海外コラム

非居住者間の国内不動産売買

非居住者が日本国内にある不動産を取得し、それを非居住者に販売して得た利益に対しては、どのような課税関係になるでしょうか。具体的に言えば、海外に出向中の日本人や中国の不動産投資家が日本の不動産を土地し、外国の投資家に転売した場合などのケースです。

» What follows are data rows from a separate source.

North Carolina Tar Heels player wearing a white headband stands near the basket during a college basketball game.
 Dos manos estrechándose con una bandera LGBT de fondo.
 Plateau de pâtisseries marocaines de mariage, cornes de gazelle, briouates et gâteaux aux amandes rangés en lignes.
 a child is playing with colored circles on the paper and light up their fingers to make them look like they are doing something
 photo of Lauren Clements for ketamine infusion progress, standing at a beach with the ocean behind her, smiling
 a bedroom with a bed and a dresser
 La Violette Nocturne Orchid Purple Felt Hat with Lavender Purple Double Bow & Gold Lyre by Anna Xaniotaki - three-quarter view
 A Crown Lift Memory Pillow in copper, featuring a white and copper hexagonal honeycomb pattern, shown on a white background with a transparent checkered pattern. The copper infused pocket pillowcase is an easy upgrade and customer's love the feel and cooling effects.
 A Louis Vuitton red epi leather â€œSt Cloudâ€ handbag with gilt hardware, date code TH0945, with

非居住者が日本国内にある不動産を譲渡したことによる所得は、国内源泉所得となり、PEの有無にかかわらず所得税の課税対象となります(所得税法161条1項3号、5号)。不動産は日本国内との物理的な結びつきが強いため、譲渡が国外で行われたかどうかや、譲渡の相手が誰であるかは関係なく、日本で課税されるものとなっています。したがって申告が必要となります。申告・納税にあたっては、非居住者のため、納税管理人を立てる必要があります(納税管理人については2019年3月15日付の記事をご参照ください)。

また源泉徴収に関しては、購入者も非居住者であることから、一般には購入代金の支払いも日本国外で行われることになります。この場合には原則的には源泉徴収は不要です。ただし購入者が国内に住所若しくは居所を有し、又は国内に事務所、事業所その他これらに準ずるものを有するときは、支払代金の一部を源泉徴収し、翌月末日までに納付する必要があります。

また非居住者の居住地国が全世界所得課税を取っている場合には、その国でも申告する必要があります。その場合には日本で支払った税金を外国税額控除することができることが一般的です。